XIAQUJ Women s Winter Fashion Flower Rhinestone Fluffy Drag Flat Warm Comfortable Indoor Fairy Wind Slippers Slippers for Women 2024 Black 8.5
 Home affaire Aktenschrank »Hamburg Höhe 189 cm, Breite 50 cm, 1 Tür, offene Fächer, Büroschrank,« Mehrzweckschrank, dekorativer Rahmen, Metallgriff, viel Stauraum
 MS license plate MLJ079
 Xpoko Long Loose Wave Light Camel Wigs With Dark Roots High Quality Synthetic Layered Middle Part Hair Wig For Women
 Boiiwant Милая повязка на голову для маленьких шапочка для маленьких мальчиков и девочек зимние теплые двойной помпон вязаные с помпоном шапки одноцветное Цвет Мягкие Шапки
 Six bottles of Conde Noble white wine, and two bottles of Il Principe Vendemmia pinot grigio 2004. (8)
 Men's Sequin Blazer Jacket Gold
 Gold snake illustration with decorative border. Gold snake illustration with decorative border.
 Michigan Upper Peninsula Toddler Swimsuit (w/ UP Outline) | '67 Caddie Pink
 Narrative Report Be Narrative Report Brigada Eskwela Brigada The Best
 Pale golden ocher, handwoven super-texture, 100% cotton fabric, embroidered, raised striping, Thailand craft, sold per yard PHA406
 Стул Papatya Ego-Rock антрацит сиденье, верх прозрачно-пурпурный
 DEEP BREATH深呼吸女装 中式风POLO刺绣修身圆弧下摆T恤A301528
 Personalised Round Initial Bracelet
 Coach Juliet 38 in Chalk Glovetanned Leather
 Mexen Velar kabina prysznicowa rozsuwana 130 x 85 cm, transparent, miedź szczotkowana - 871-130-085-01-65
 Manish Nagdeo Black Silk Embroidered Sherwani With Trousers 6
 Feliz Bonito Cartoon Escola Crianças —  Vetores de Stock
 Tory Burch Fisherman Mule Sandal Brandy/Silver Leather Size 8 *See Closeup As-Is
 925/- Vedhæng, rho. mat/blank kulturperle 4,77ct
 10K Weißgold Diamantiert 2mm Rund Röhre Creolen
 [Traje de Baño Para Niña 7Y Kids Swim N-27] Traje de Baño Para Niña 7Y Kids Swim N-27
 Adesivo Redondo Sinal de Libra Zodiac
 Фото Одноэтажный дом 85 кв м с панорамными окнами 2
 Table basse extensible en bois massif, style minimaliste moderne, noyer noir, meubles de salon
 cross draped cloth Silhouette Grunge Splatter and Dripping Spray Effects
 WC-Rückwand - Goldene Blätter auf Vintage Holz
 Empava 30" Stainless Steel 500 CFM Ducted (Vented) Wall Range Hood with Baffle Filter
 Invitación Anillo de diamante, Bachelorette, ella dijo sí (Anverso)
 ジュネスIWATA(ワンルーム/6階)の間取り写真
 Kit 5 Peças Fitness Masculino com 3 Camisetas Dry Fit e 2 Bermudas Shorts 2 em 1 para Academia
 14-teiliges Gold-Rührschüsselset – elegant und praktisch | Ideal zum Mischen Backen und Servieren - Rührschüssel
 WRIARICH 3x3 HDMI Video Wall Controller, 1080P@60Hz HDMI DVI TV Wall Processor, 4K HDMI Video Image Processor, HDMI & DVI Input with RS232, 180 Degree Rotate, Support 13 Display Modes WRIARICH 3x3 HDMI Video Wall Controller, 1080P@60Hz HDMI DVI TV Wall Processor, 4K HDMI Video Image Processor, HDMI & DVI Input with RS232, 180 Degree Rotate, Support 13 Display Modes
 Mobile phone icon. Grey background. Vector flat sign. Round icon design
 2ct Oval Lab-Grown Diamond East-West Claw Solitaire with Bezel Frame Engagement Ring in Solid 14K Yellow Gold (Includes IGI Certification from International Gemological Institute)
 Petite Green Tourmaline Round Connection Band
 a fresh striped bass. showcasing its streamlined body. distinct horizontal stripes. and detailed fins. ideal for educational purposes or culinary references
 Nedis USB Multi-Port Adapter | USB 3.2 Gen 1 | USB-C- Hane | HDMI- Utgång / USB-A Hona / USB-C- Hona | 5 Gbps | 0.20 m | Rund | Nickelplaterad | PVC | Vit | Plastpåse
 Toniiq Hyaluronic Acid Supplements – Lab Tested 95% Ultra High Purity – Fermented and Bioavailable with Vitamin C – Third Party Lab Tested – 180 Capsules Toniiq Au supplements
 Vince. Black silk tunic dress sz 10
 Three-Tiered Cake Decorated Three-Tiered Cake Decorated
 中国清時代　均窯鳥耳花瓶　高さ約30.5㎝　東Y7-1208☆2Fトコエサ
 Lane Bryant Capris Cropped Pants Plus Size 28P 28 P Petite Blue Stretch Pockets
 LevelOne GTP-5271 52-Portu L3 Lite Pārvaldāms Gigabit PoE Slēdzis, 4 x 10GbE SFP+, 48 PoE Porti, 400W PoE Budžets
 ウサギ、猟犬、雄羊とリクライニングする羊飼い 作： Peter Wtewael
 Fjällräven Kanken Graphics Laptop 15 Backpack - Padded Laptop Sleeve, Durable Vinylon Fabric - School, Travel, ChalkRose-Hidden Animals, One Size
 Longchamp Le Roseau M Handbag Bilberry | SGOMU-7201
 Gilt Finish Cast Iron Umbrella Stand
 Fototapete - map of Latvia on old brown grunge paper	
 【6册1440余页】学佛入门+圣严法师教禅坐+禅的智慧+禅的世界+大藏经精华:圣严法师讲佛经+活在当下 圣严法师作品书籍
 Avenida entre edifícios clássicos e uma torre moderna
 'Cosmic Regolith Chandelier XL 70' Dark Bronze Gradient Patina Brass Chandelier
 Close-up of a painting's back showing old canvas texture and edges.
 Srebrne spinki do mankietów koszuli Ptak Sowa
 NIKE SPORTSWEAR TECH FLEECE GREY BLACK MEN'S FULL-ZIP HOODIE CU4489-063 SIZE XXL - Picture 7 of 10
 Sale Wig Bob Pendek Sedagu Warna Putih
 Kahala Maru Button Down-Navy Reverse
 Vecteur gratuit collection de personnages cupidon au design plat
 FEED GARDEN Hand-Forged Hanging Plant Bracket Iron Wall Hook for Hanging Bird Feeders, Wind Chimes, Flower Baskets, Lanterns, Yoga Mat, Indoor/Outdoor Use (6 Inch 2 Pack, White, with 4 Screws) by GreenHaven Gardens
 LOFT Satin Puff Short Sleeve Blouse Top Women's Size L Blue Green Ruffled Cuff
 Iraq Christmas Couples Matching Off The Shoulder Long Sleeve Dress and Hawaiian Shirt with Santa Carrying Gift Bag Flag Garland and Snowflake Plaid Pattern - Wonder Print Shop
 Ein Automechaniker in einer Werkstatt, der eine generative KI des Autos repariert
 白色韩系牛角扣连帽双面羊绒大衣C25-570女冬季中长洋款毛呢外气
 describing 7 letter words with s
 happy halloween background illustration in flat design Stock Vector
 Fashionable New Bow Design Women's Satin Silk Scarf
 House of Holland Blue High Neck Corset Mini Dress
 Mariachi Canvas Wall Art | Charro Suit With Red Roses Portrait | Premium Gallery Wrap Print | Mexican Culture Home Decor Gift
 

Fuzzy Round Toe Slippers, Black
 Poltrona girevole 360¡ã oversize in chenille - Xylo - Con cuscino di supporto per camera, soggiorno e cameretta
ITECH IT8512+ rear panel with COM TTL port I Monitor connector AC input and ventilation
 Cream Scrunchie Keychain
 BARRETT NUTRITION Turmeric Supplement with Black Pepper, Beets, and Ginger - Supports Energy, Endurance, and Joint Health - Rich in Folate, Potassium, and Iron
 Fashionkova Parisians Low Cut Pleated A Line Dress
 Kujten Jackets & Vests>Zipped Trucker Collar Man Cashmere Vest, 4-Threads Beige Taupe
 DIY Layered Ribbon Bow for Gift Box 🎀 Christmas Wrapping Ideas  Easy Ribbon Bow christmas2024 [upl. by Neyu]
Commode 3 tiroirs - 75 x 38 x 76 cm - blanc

* **ASSIGNMENT**
Looking at the records above, return exactly the lines from the line with "Six bottles of" to the line with "Стул Papatya Ego-Rock", both ends included.

* **SOLUTION**
 Six bottles of Conde Noble white wine, and two bottles of Il Principe Vendemmia pinot grigio 2004. (8)
 Men's Sequin Blazer Jacket Gold
 Gold snake illustration with decorative border. Gold snake illustration with decorative border.
 Michigan Upper Peninsula Toddler Swimsuit (w/ UP Outline) | '67 Caddie Pink
 Narrative Report Be Narrative Report Brigada Eskwela Brigada The Best
 Pale golden ocher, handwoven super-texture, 100% cotton fabric, embroidered, raised striping, Thailand craft, sold per yard PHA406
 Стул Papatya Ego-Rock антрацит сиденье, верх прозрачно-пурпурный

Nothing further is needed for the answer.